Com respeito à Transparência Internacional, são sugeridos os seguintes critérios a serem observados:
Critério | Definição |
---|---|
Bona Fide | Feito pelo motivo certo: se for um presente ou hospitalidade, deve ser dado claramente como um ato de agradecimento; se despesas de viagem, para fins comerciais de boa fé . |
Sem Obrigação | A iniciativa não criará nenhuma obrigação ou expectativa no beneficiário. |
Sem Influência Indevida | A despesa não será vista como destinada ou capaz de obter influência indevida em relação a uma transação comercial ou compromisso de política pública. |
Feito Abertamente | Não será realizado em segredo e será documentado – se não for, então o propósito pode se tornar questionável. |
Legalidade | Está em conformidade com as leis pertinentes. |
Acordos com a percepção das partes interessadas | A iniciativa não seria vista de forma desfavorável pelas partes interessadas se lhes fosse dada a conhecer. |
Proporcional | O valor e a natureza da despesa não são desproporcionais à ocasião. |
Em conformidade com as regras do beneficiário | O presente, hospitalidade ou reembolso de despesas atenderá às regras ou código de conduta da organização do beneficiário. |
Infrequente | O dar ou receber presentes e hospitalidade não é muito frequente entre o ofertante e o beneficiário. |
Documentado | A despesa será totalmente documentada, incluindo finalidade, aprovações concedidas e valor. |
Revisado | Os registros de despesas promocionais e a eficácia da política e dos procedimentos são revisados pela administração com um relatório regular ao conselho ou a um comitê do conselho. |
Com respeito às Autoridades Francesas da AFA, a mesma publicou o Guia de Presentes e Entretenimento, trazendo algumas recomendações muito importantes, começando pela elaboração de uma Política que estabeleça critérios bem definidos para normatizar presentes e entretenimento.

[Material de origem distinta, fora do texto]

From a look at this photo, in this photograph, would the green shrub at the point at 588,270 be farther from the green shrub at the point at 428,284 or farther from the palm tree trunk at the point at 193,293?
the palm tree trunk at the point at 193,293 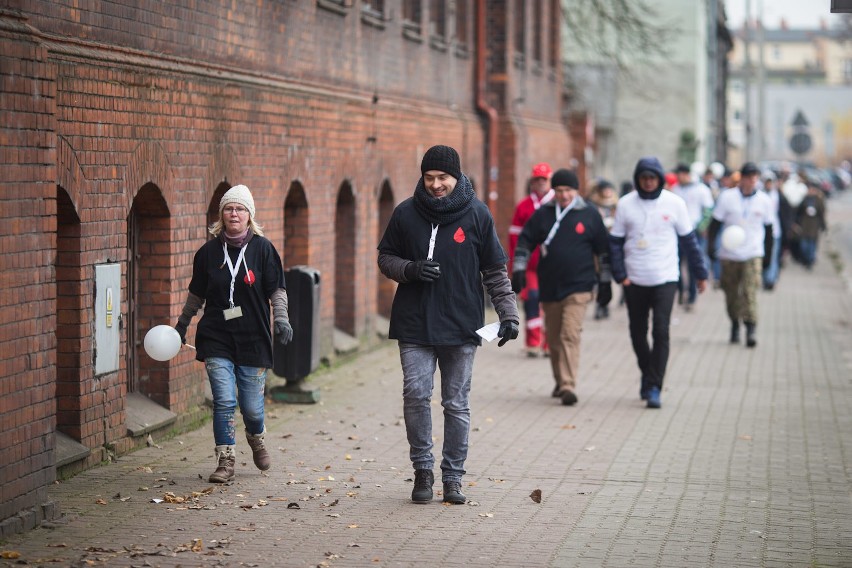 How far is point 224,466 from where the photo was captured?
9.23 meters

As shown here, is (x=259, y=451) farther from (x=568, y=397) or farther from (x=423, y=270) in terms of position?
(x=568, y=397)

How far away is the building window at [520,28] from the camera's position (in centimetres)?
2884

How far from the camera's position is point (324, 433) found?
1138 cm

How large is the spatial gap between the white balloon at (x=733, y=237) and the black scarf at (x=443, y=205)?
9296mm

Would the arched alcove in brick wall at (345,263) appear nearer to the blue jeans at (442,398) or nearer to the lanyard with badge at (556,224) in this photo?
the lanyard with badge at (556,224)

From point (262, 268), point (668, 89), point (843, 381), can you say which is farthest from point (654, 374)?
point (668, 89)

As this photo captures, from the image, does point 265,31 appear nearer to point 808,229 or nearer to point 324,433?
point 324,433

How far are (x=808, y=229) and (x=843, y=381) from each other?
18.5 m

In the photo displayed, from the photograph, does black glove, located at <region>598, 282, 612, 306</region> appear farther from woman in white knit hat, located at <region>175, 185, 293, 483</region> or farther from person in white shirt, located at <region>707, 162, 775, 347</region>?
person in white shirt, located at <region>707, 162, 775, 347</region>

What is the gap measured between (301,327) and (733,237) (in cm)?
699

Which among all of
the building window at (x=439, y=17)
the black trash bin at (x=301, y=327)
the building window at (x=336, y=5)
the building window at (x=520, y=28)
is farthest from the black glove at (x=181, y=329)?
the building window at (x=520, y=28)

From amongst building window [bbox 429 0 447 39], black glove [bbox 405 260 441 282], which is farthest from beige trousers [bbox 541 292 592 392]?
building window [bbox 429 0 447 39]

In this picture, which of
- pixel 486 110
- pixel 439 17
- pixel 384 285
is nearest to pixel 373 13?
pixel 384 285

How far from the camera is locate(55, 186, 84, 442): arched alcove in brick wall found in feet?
31.4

Para tanto, sugere as seguintes recomendações:
1. Criar a definição e ilustrar exemplos de presentes e entretenimento. |
2. Determinar os critérios legítimos de oferta e aceitação de presentes. |
3. Listar as condições nas quais é possível ofertar ou aceitar presentes e entretenimento. |
4. Definir as regras internas de aprovação e rastreabilidade. |
5. Organizar as responsabilidades e os papeis de cada um. |
Assim como a Transparência Internacional definiu acima alguns critérios para a oferta ou recebimento de presentes, a AFA também definiu os seguintes critérios abaixo:
1. são autorizados pela(s) lei(s) aplicável(is); |
2. não são solicitados pelo beneficiário; |
3. não visam obter compensação ou vantagem indevida; |
4. não têm a intenção de influenciar uma decisão e, portanto, não são praticados em um momento estratégico (exemplo: licitação em andamento, assinatura de acordos, votação, concessão de autorizações, obtenção de contratos, modificação de legislação ou regulamentos, etc.); |
5. o beneficiário não deve exercer um poder de decisão sobre uma decisão antecipada ou pendente que afete os interesses da organização; |
6. são ocasionais no que diz respeito à atividade profissional; |
7. não causam constrangimento se forem revelados publicamente; |
8. são realizados dentro de um quadro estritamente profissional; |
9. são registrados nos livros e registros da organização (exemplo: cadastro de brindes oferecidos e recebidos). |
Finalmente, outro ponto a chamar a atenção, sobre o referido guia, é o estabelecimento de 4 níveis de controle, para garantir que os presentes não se transformem em instrumento de conflito de interesses ou de corrupção:
1. Autocontrole | Efetuado pelo próprio colaborador. |
2. Controle de Primeiro Nível | Efetuado pelo superior hierárquico. |
3. Controle de Segundo Nível | Efetuado por controles internos ou pelo compliance officer. |
4. Controle de Terceiro Nível | Efetuado pela auditoria interna. |
Portanto, não há desculpas para deixar de fazer a coisa certa. Basta haver o comprometimento com princípios éticos e o exemplo da alta gerência da empresa.